* EXERCISE: Down to the last line, transcribe the records verbatim and exclude the images.

* INPUT MATERIAL:
======

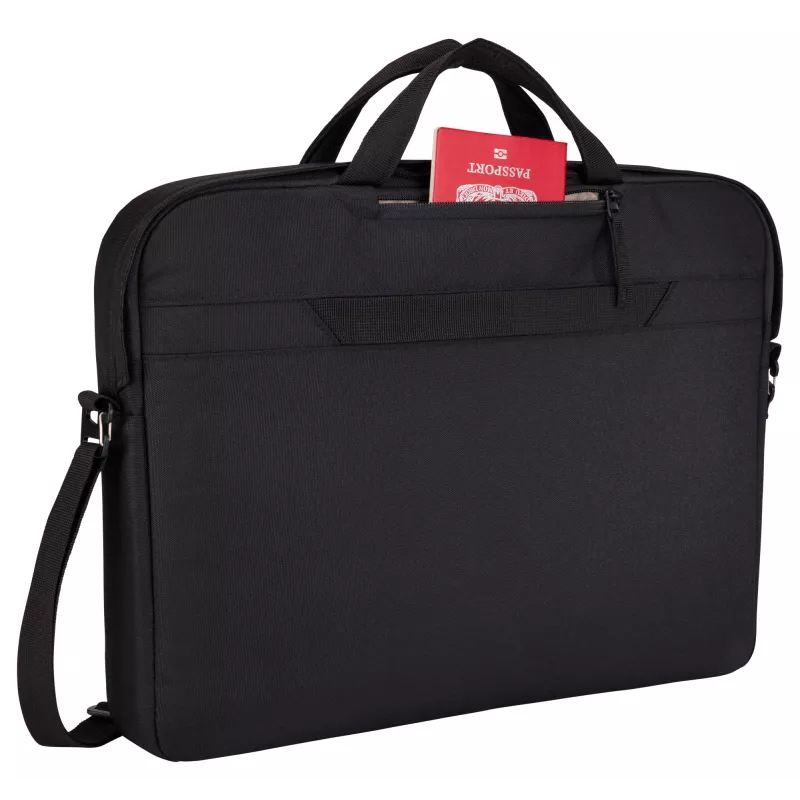 Case Logic Invigo Eco INVIA116 musta 39,6 cm (15,6 inch) suojalaukku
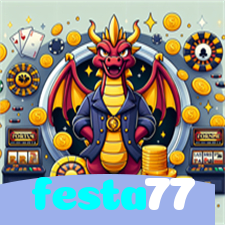 festa77：Vença no poker e aposte no futebol com segurança no nosso cassino!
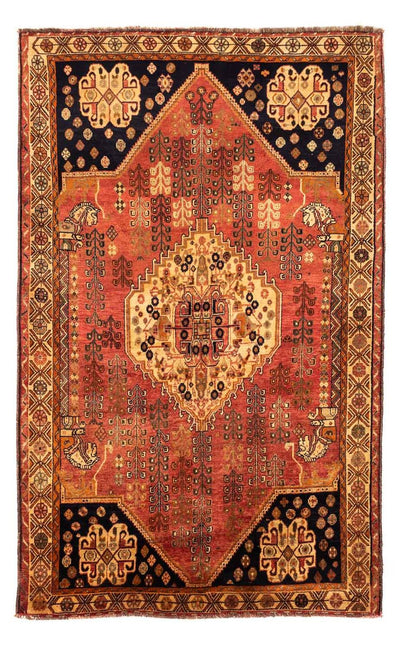 Shiraz Rug 161x260cm - Persian Rugs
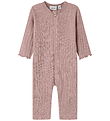 Name It Nightsuit - Wool/Silk - NbfWossa - Antler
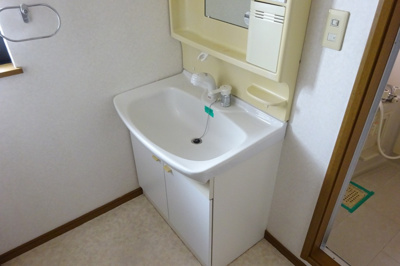 【独立洗面台】 | アコレ府中A棟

======

* RESPONSE TO THIS EXERCISE:
 Case Logic Invigo Eco INVIA116 musta 39,6 cm (15,6 inch) suojalaukku
 festa77：Vença no poker e aposte no futebol com segurança no nosso cassino!
 Shiraz Rug 161x260cm - Persian Rugs
 Name It Nightsuit - Wool/Silk - NbfWossa - Antler
 【独立洗面台】 | アコレ府中A棟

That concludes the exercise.